TASK PROMPT: Every line from the one with "Reincarnated as a" up to and including the one with "Coffee beans set" is to be output exactly as it appears below; pictures are not.

DATA FOR PROCESSING:
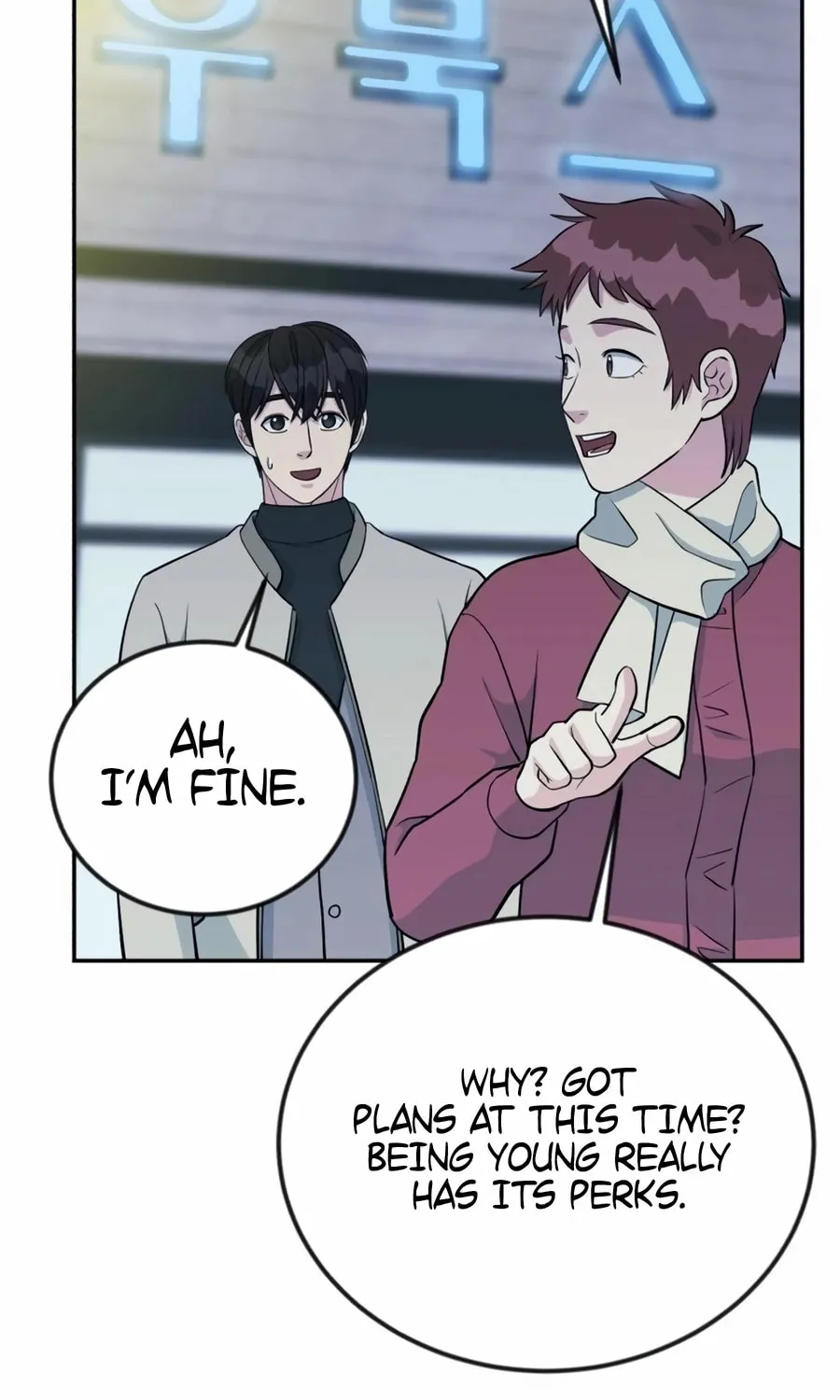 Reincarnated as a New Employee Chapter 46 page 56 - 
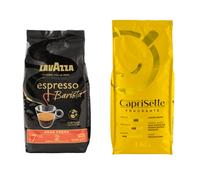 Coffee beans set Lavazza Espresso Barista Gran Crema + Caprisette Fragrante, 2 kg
==
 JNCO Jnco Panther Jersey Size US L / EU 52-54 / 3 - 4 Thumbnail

TASK RESPONSE:
 Reincarnated as a New Employee Chapter 46 page 56 - 
 Coffee beans set Lavazza Espresso Barista Gran Crema + Caprisette Fragrante, 2 kg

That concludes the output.